** Data supplied follows **

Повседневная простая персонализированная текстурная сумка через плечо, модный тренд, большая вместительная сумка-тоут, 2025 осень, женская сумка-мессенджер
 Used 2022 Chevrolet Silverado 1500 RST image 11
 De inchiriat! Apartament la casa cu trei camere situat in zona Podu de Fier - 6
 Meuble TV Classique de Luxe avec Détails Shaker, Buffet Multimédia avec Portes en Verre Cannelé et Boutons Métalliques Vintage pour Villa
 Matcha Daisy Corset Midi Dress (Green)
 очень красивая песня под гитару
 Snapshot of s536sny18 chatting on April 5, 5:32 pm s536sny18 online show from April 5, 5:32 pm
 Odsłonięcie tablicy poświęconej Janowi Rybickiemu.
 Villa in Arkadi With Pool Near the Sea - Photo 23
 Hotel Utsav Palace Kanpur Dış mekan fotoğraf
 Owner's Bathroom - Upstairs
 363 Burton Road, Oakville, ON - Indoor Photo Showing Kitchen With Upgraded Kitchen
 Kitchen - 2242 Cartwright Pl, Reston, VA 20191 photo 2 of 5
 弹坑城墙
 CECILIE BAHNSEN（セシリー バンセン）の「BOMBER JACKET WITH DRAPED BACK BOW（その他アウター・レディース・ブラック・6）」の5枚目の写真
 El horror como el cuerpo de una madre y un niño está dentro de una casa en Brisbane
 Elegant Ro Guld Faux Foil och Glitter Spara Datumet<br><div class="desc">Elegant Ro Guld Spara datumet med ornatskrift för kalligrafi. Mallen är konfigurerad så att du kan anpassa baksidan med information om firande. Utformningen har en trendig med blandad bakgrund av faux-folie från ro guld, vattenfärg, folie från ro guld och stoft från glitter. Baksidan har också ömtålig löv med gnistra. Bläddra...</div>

** End of Data supplied **

Task brief: Scan the data above for the word "Villa" and report every line where it is found.

The completed task:
 Meuble TV Classique de Luxe avec Détails Shaker, Buffet Multimédia avec Portes en Verre Cannelé et Boutons Métalliques Vintage pour Villa
 Villa in Arkadi With Pool Near the Sea - Photo 23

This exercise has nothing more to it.